I use Twitter now in a very, very different way. The friends I had on Twitter I have now friended on Facebook - which I was never a fan of and still am not, but I use it every few days - and that's where I see them and talk to them and find out what's up in their lives. (They finally learned my real name instead of calling me True Jersey Girl, which was weird for a while but now it's all good.)The only time I open Twitter nowadays is when something is going on in the world - politically, usually, but also tv show finales or world events - to see what people are saying. I occasionally retweet, and much less occasionally I tweet myself. I am on and off in a matter of minutes. I don't converse with people and I don't feel like part of the Twitter family any more. And I am good with that.

Since I stopped using Twitter so much, I find myself to be so much more in the moment in my real life. I go out and enjoy things without thinking of what picture to take or what pithy comment I can tweet. And it really has enriched my life to remove Twitter from it.

What I see when I go on there now are not things I want in my life.

The trolling is out of control. I posted a picture a while back of a sign in a bar that said something about consent being sexy, or something like that. Men I had never tweeted with and whom I did not follow, nor did they follow me, started harassing me. Why? Who is sitting there looking for women to troll about consent? I don't have time for or interest in debating with idiots. It's not worth it to me. And the people who don't know me but feel the need to say things about me to their followers - so fucking stupid and childish and again, something I have no time for.

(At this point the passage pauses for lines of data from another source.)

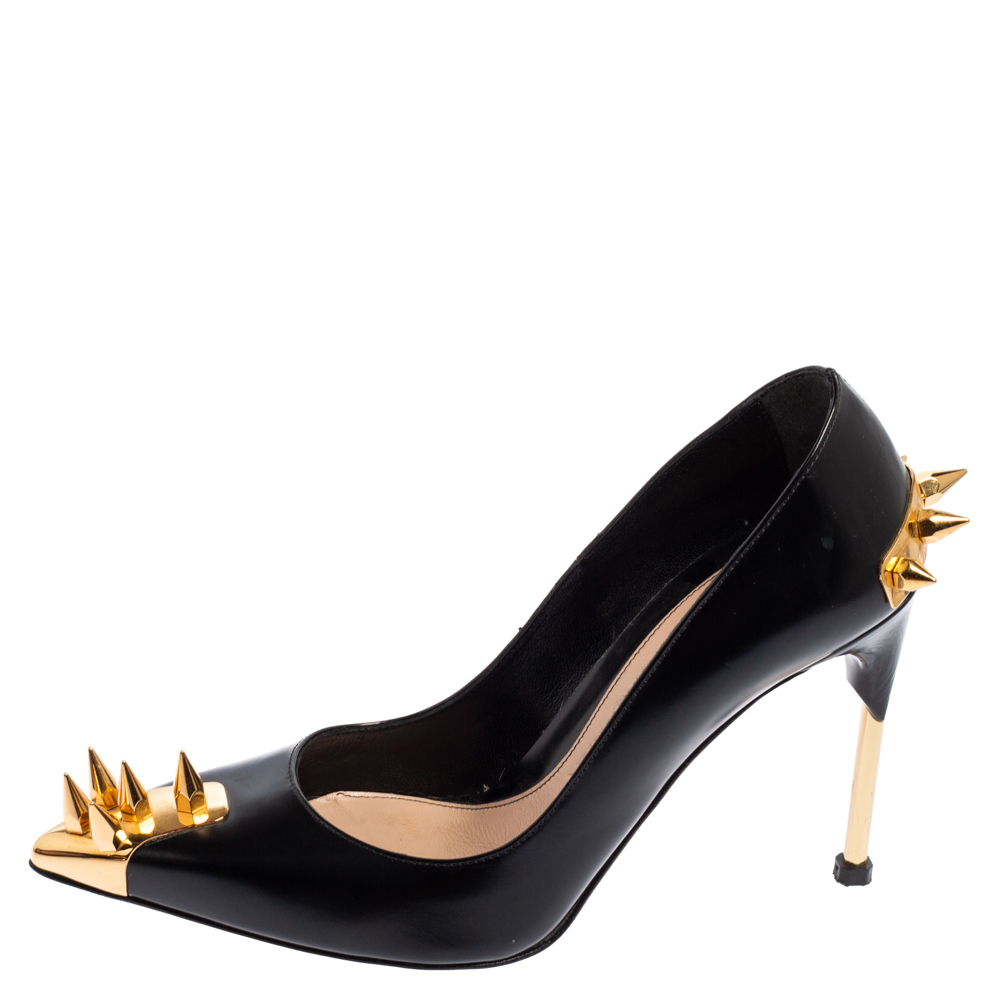 

Alexander McQueen Black Glossy Leather Spike Pointed Toe Pumps Size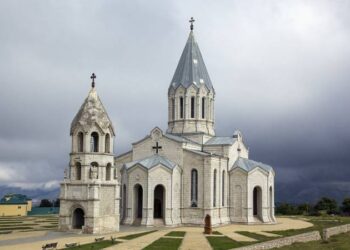 Служители и последователи Армянской церкви должны беспрепятственно входить в храм Казанчецоц в Шуши: МИД Армении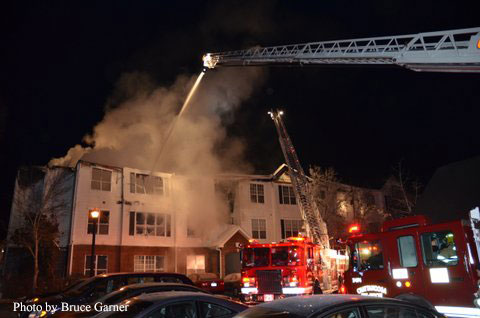  Chattanooga (TN) Firefighters Brave Frigid Weather to Battle Apartment Fire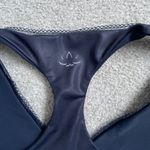 Beyond Yoga Racerback Sports Bra Metallic Navy Blue Activewear Size Womens Small Photo 4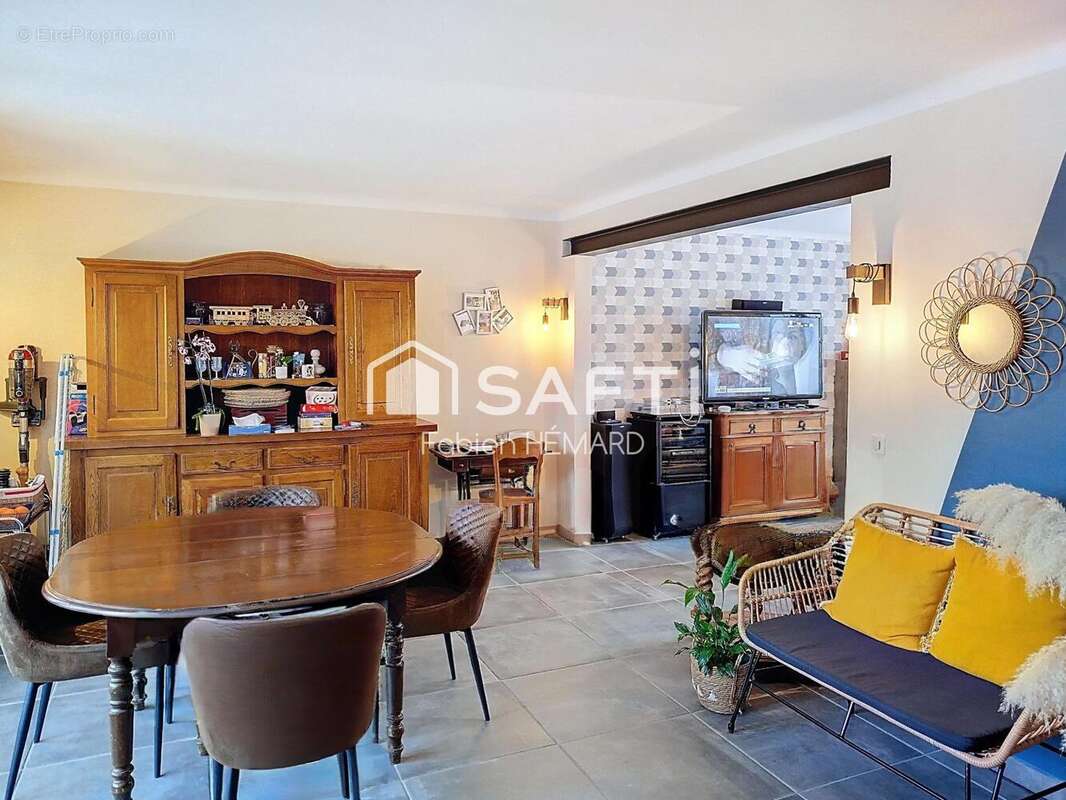 Photo 2 - Maison à FERE-CHAMPENOISE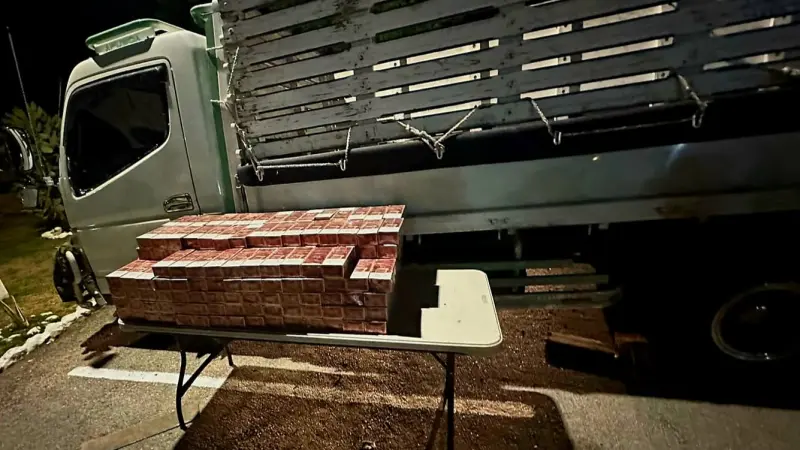 Ejército incauta contrabando de 50 mil cigarrillos ocultos en un camión 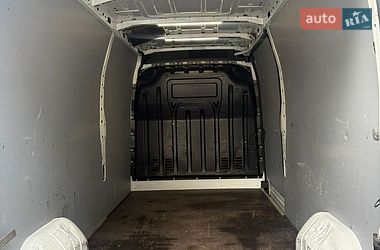 Вантажний фургон Renault Master 2015 в Тернополі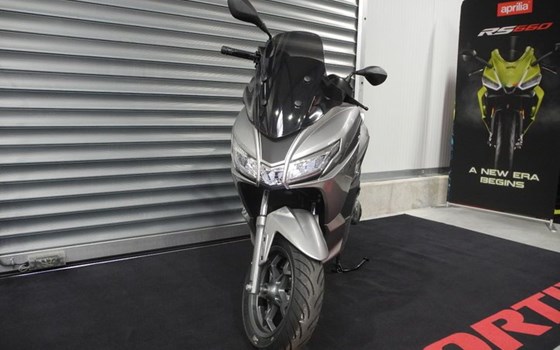 Neufahrzeug Aprilia SXR 50 - Bild 10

The bickering within my group of political "friends" is insane. We are all progressives, but yet the vitriol spit between Hillary supporters and Bernie supporters is out of control and I hate to see it. We used to fight together against Republicans trying to take away women's rights or fighting sensible gun control laws, and now it's all about fighting each other. It kills my soul a little bit each time I see it, and it exhausts me.

It bothers me a little to know that I am not a part of something I helped start. I was on Twitter when the service went down at least once a day (at least). I was there when there were about 500 people total, and I was friends with 300 of them. I was there before there were apps to get you fake followers, and, in fact, when the number of followers you had was not important because we all followed each other. I was there for Stripper Friday. I was there before hashtags, and before you could @ people. I used to tweet numerous times a day, and I think I was pretty good at it. I was funny, entertaining, sexy, and smart.

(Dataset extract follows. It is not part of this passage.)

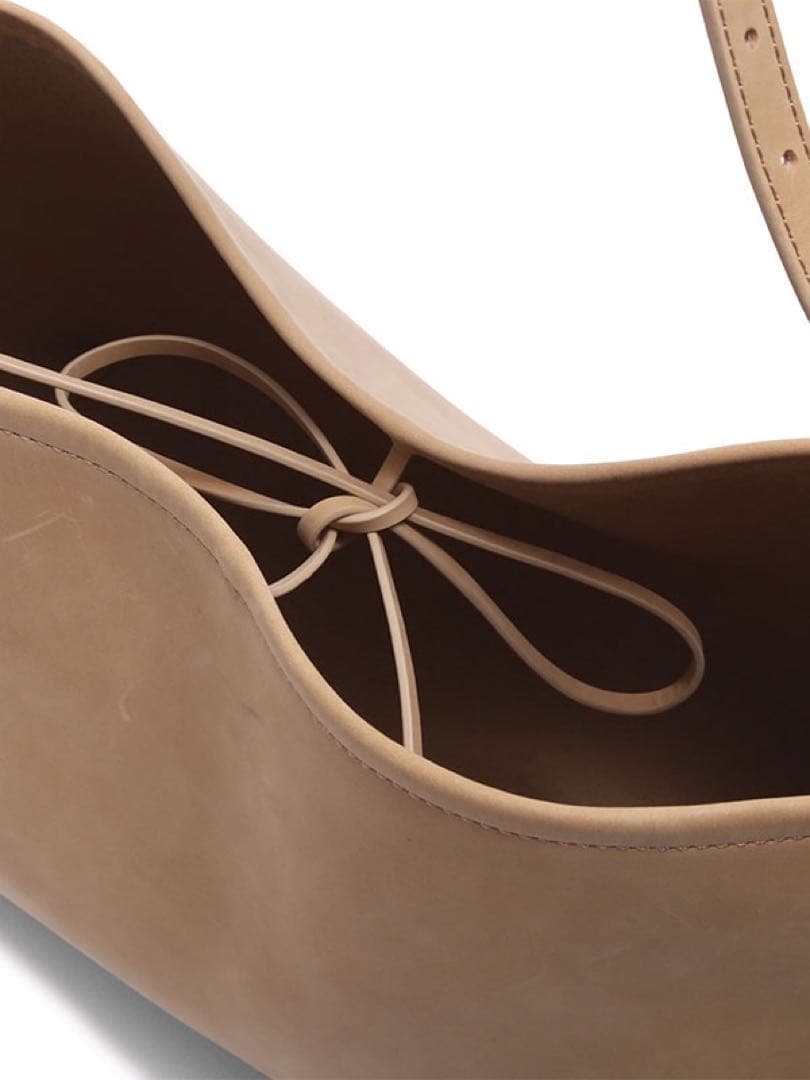 ETRE TOKYO 新作 完売 ナローショルダーランドスケープレザーバッグ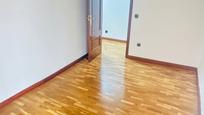 Bedroom of Flat for sale in Valladolid Capital  with Heating and Terrace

And Twitter lost me. Every time I think of tweeting, I choose not to. I'd rather text a friend than tweet into the ether. And every time I go on there, I get a headache. It's all noise. It's all people talking into the void and not hearing anyone else. It makes me long for the Twitter of 2007. But those days are gone, and so am I.

Tuesday, June 26, 2007

Tagged

I have obviously deserted this blog for twitter. But one of my twitterfriends, Nibbler, tagged me on his blog and he is always so incredibly sweet to me so I'm gonna do the meme for him. It should be simple enough - 5 Things About Yourself - but I feel like I have told everything about myself that I want out there on teh intrawebs. I'll give it a try though, especially since no one is even going to read this!

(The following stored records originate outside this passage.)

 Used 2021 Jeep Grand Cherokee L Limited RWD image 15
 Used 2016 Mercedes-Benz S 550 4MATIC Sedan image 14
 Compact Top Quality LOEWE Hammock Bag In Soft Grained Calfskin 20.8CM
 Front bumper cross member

1. I am really, really bad at math and Im nervous that I am going to pass that on to my daughter.

2. I could not possibly live without my ipod. I listen to it probably 12 hours a day.

3. I want to get a tattoo on the inside of my wrist but think I might regret it.

4. I have more pictures of Gerard Way and Jared Leto on my ipod than I do of my daughter. Eek.

5. I have learned recently that I have a highly addictive personality. I knew this already, but its become even more apparent lately.

Consider yourself tagged if you want to do this one.